As best as I can remember, 15 years later, it was an uneventful, slightly boring museum trip for my younger self. The Reina Sofía is located in a former hospital, with an idyllic central courtyard that hosts a looming Calder stabile; the white cube galleries hold masterworks of modern art. Its crown jewel, Guernica (1937), is one of Picasso’s most famous paintings and one of the most iconic depictions of the horrors of war. I knew none of this, and apparently wasn’t wise enough to consult the museum’s floor plan or even a basic brochure. I traversed gallery after gallery, and then planned to leave. But before I made it out the door, I saw a postcard of Guernica in the gift shop. I recognized the image from middle school Spanish class and decided I should probably go back and find it. When I finally saw the hulking canvas—goodness knows how I missed a 25.5-foot-long painting—I soaked it in for a minute or two, then made a quick exit, fearing I would miss that evening’s curfew (I didn’t).
The following day, my group headed to Barcelona; and two weeks later I returned to the U.S., my mind swimming with Velázquez’s Las Meninas, Gaudí’s trippy architecture, and ham croquetas.
In the years that followed I became convinced that trip had instilled in me a lifelong love of Spain.
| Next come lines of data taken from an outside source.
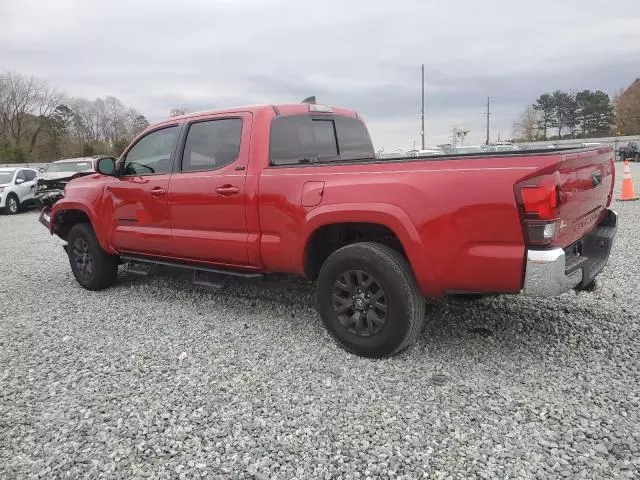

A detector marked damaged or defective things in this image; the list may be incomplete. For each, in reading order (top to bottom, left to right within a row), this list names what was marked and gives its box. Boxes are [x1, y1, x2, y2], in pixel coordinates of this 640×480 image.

wrecked vehicle [35, 157, 115, 207]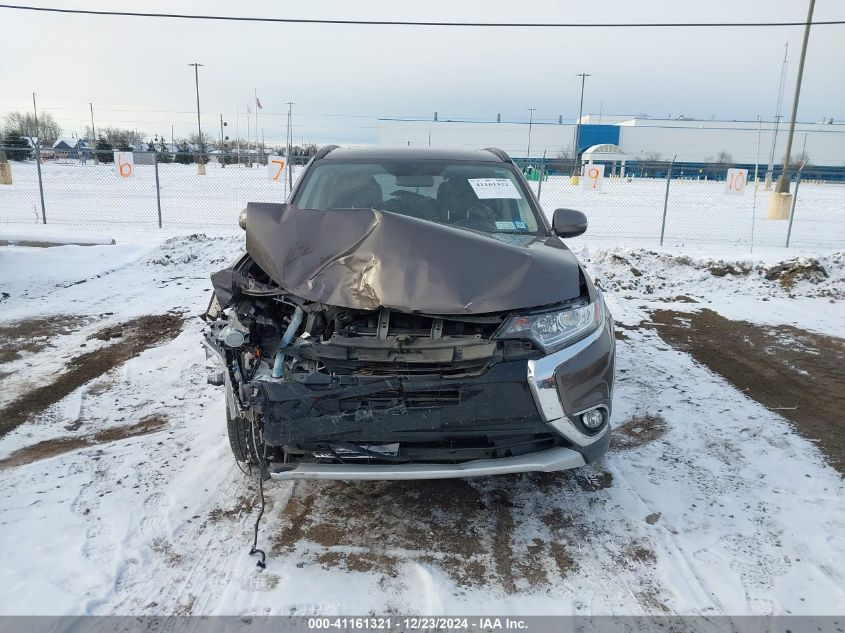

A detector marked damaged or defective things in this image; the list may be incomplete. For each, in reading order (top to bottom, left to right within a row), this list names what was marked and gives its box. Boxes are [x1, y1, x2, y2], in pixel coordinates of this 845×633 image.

severely damaged suv [204, 144, 612, 478]
crumpled hood [244, 204, 584, 314]
broken headlight [494, 294, 608, 354]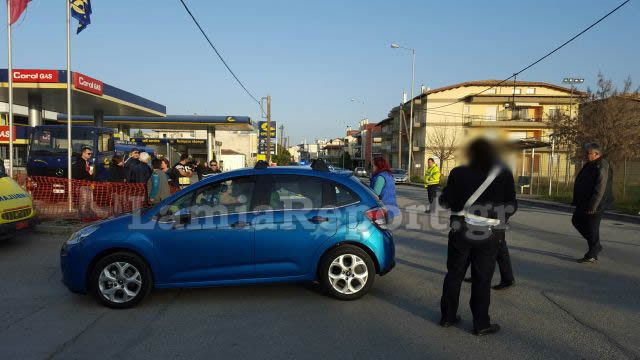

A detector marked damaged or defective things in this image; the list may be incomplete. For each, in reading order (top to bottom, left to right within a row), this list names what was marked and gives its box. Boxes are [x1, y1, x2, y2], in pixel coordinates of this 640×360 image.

road surface crack [47, 310, 107, 360]
road surface crack [540, 290, 640, 360]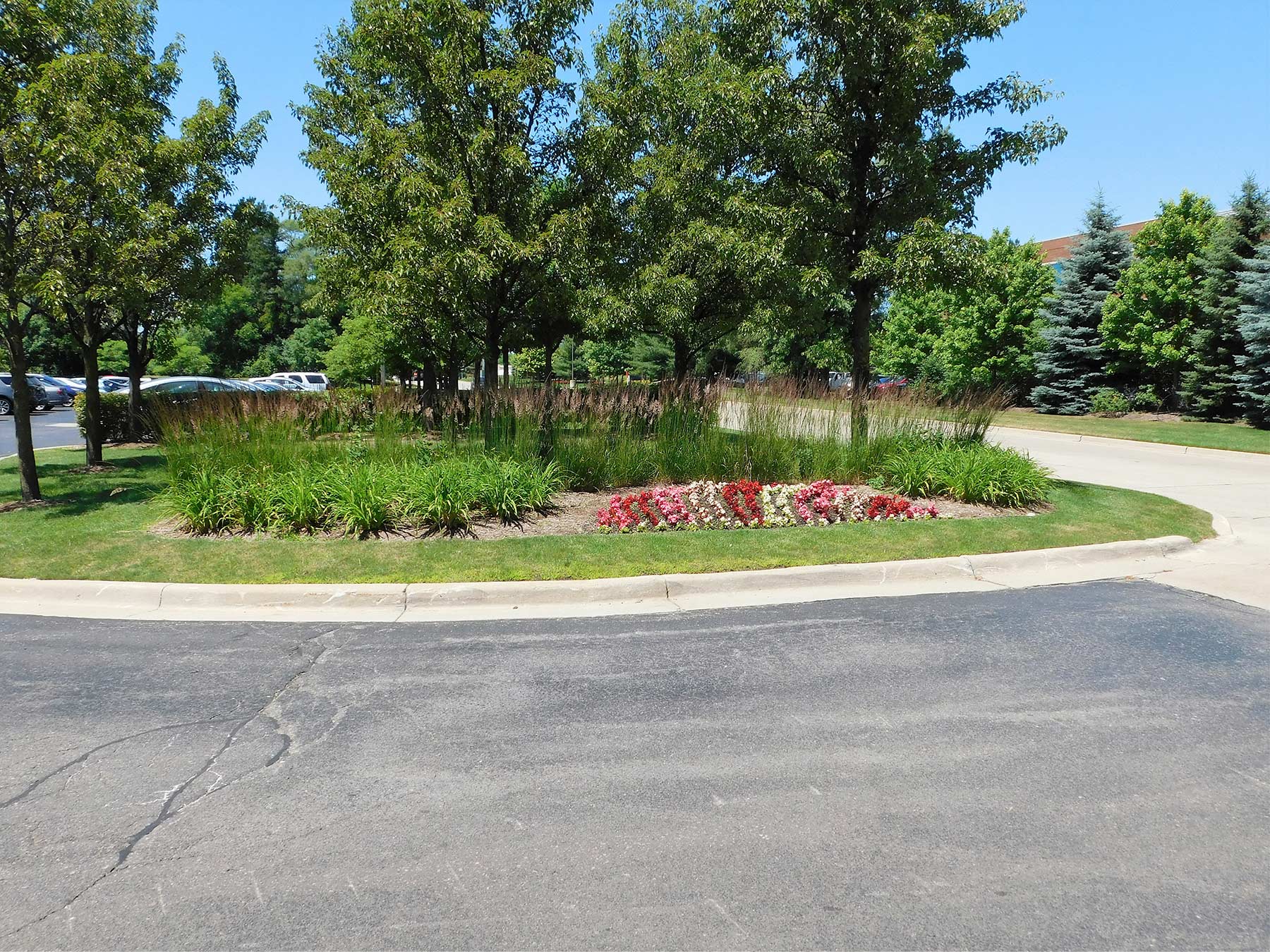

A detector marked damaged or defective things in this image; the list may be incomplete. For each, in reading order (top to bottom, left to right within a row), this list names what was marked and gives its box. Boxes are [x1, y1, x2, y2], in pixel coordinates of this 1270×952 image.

crack in asphalt [0, 622, 348, 944]
cracked asphalt pavement [2, 578, 1270, 949]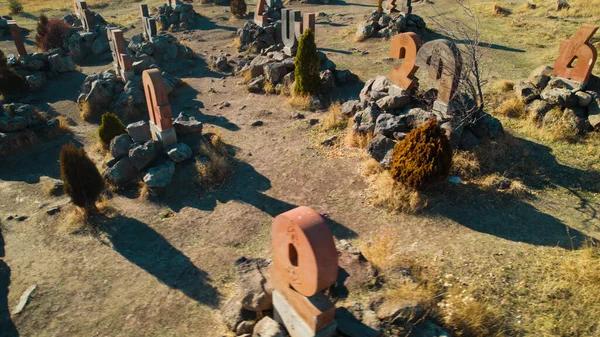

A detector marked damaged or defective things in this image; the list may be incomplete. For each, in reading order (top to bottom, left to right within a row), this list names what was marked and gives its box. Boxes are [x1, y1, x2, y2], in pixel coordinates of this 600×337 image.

large rusty number [390, 32, 422, 90]
large rusty number [552, 23, 600, 83]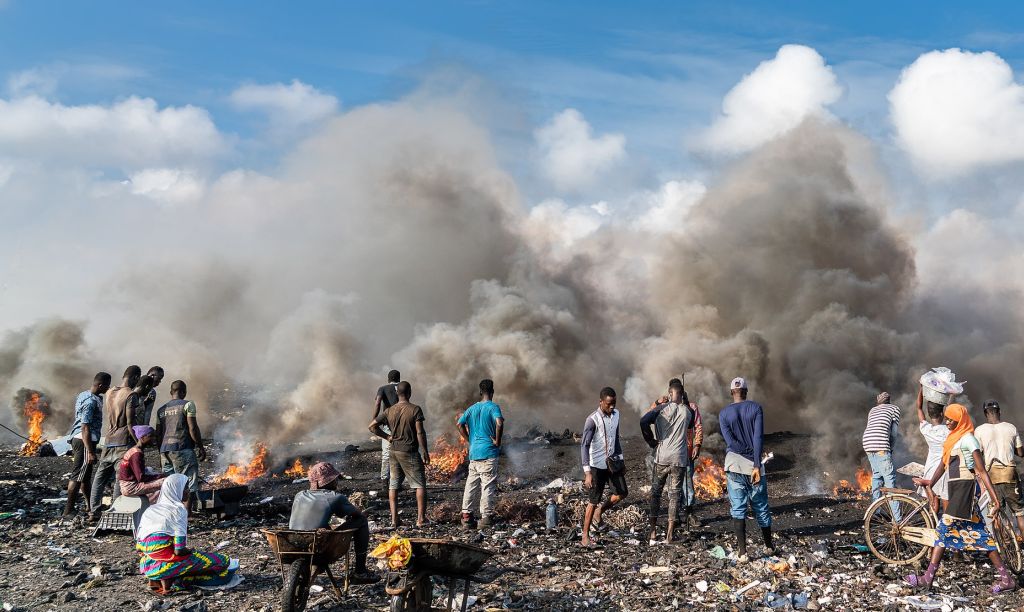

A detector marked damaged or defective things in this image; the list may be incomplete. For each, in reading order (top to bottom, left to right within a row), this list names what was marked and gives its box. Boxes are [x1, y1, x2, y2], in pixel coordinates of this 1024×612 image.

burnt tire [282, 560, 309, 612]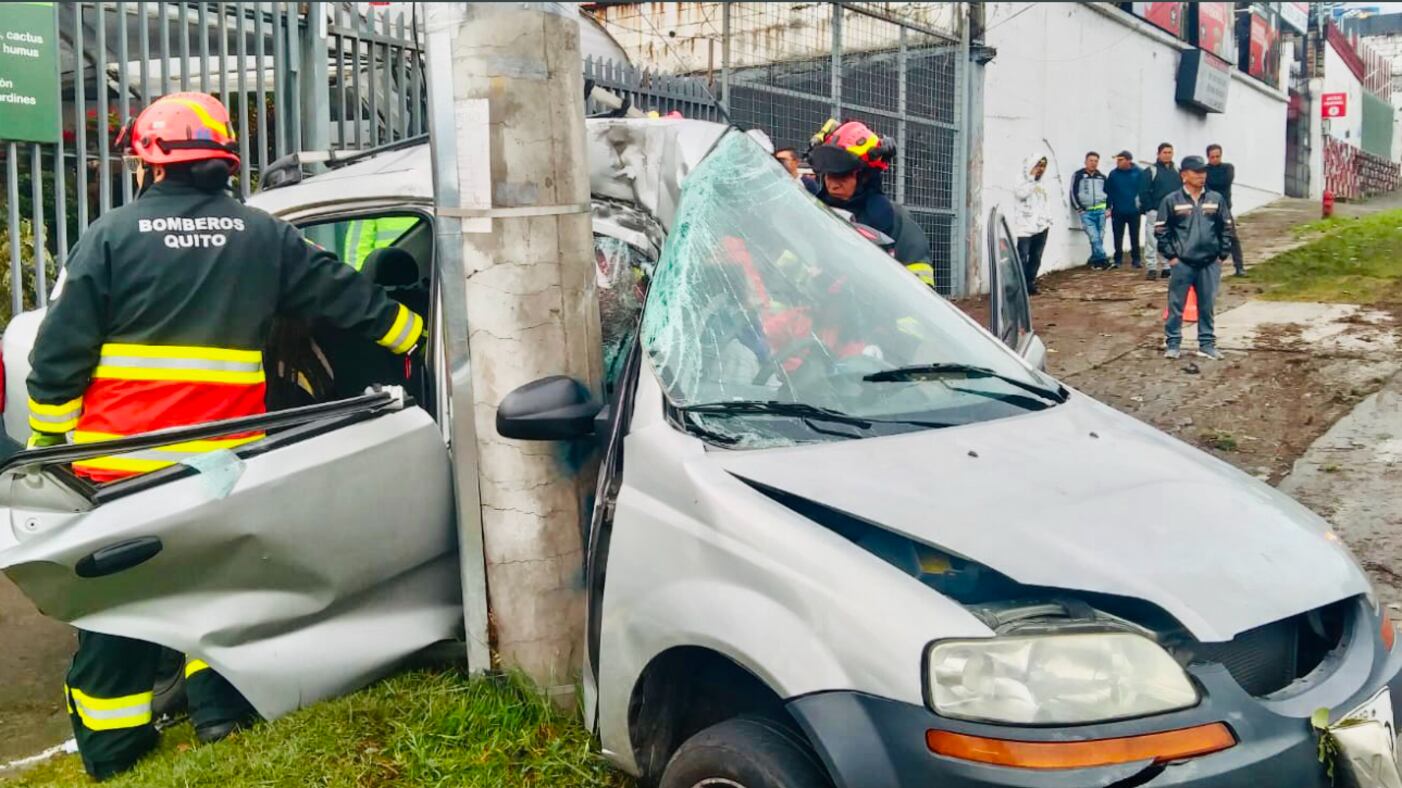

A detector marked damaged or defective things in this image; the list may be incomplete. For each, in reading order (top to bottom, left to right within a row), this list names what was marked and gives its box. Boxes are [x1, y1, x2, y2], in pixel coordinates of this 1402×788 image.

shattered windshield [642, 131, 1054, 445]
broken car window [642, 131, 1054, 445]
crumpled car hood [712, 389, 1368, 642]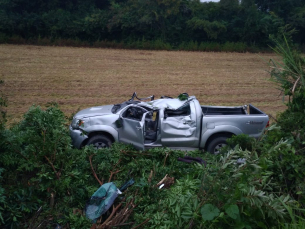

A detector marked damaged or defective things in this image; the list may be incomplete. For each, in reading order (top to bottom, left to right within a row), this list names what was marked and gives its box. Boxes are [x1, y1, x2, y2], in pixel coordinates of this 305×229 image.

dented body panel [69, 94, 268, 151]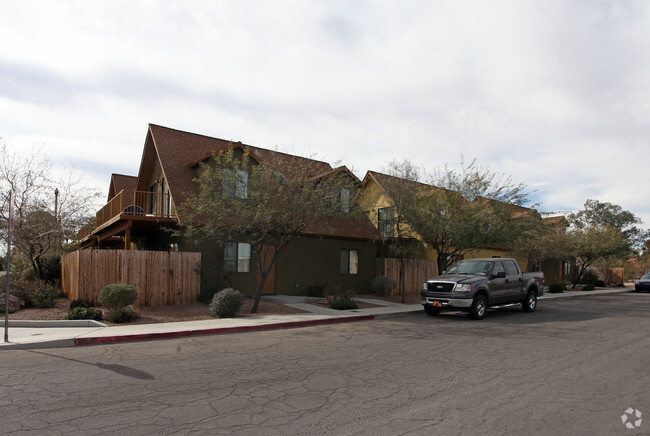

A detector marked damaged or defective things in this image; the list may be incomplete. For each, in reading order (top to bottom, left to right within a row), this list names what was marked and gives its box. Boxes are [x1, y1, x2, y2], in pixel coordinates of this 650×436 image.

cracked asphalt road [1, 292, 648, 434]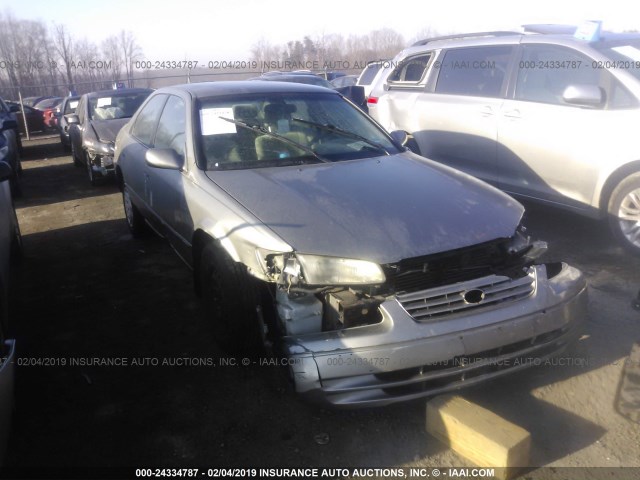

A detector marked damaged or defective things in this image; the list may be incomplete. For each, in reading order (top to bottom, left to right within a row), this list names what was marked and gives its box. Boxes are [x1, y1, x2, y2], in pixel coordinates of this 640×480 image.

crumpled hood [89, 118, 129, 144]
broken headlight area [264, 253, 384, 336]
damaged beige sedan [112, 80, 588, 406]
crumpled hood [205, 154, 524, 264]
damaged front bumper [282, 262, 588, 408]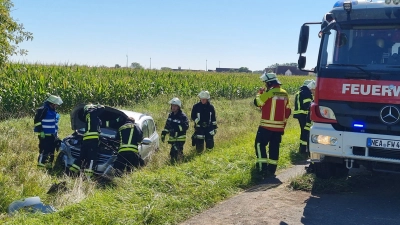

I was eager to get back there, and I did, several times during college; and yes, I majored in Spanish. But while my passion for Spanish culture faded over the years, I still can’t seem to shake Guernica. It guided my studies in college, set me on a career path, and often resurfaces, reminding me of art’s potential. Guernica became synonymous with the brutality of war; its indelible imagery has been appropriated by countless artists; and its political heft is so cutting that, for a time, Spanish officials deemed it should be shown behind bulletproof glass.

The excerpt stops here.